**Data provided:**
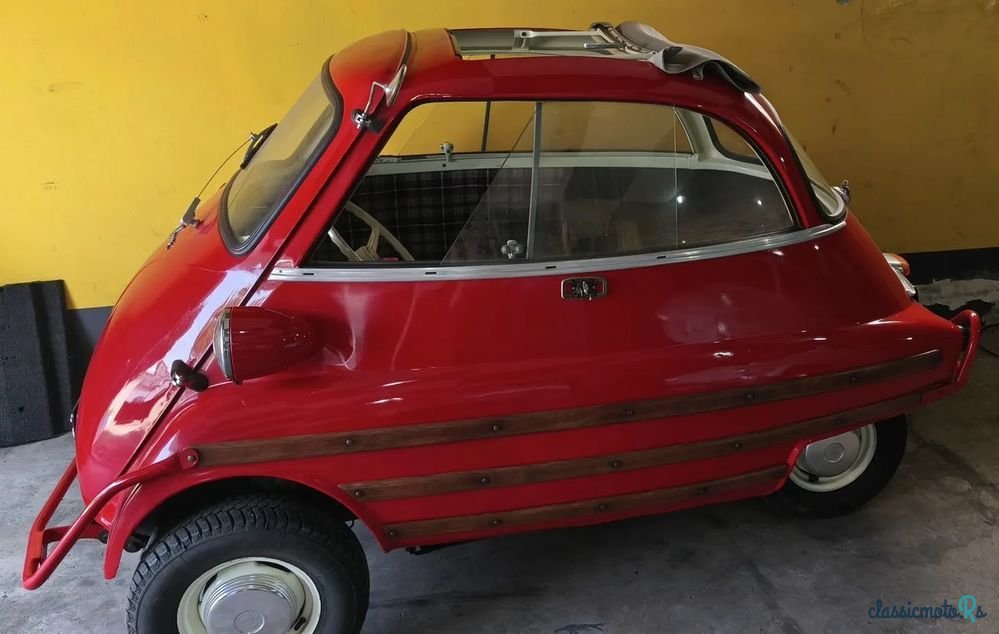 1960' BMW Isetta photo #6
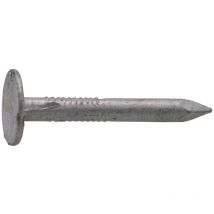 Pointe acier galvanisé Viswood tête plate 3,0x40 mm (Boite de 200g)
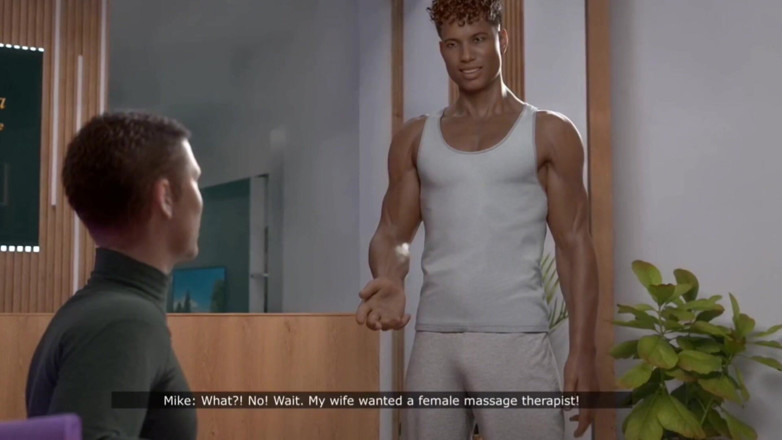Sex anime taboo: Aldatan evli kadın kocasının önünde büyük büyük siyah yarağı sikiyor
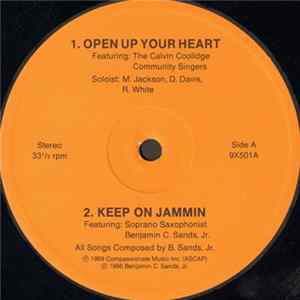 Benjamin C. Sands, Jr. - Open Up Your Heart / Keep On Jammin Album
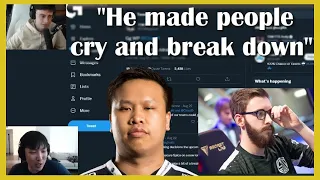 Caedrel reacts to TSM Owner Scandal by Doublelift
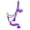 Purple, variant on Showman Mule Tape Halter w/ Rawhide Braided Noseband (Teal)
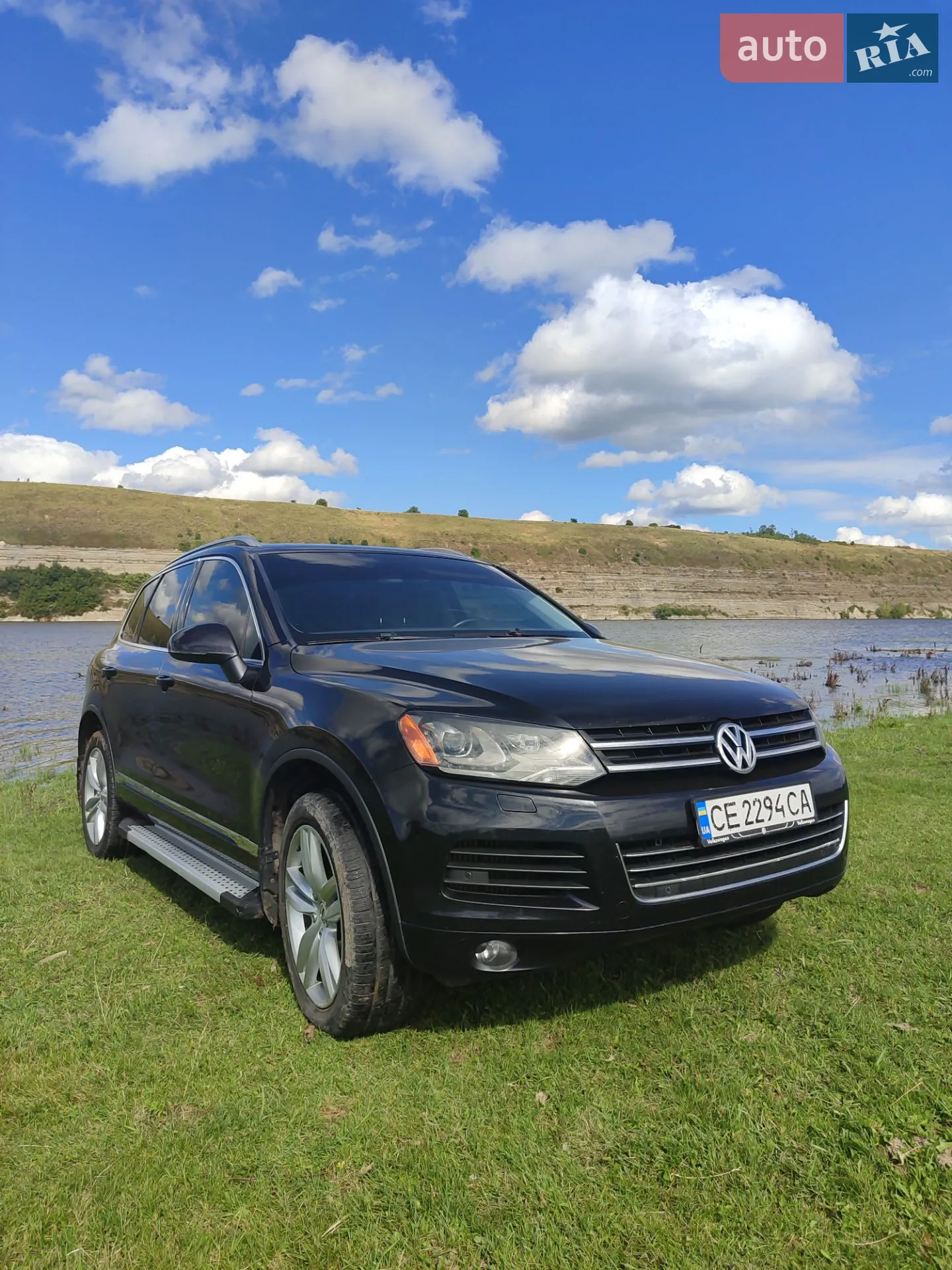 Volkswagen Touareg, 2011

**What the exercise asks:** Keep the pictures out of your copy. Copy only the lines from the line that holds "Pointe acier galvanisé" through the last line of the listing above, both included.

**Output below:**
 Pointe acier galvanisé Viswood tête plate 3,0x40 mm (Boite de 200g)
Sex anime taboo: Aldatan evli kadın kocasının önünde büyük büyük siyah yarağı sikiyor
 Benjamin C. Sands, Jr. - Open Up Your Heart / Keep On Jammin Album
 Caedrel reacts to TSM Owner Scandal by Doublelift
 Purple, variant on Showman Mule Tape Halter w/ Rawhide Braided Noseband (Teal)
 Volkswagen Touareg, 2011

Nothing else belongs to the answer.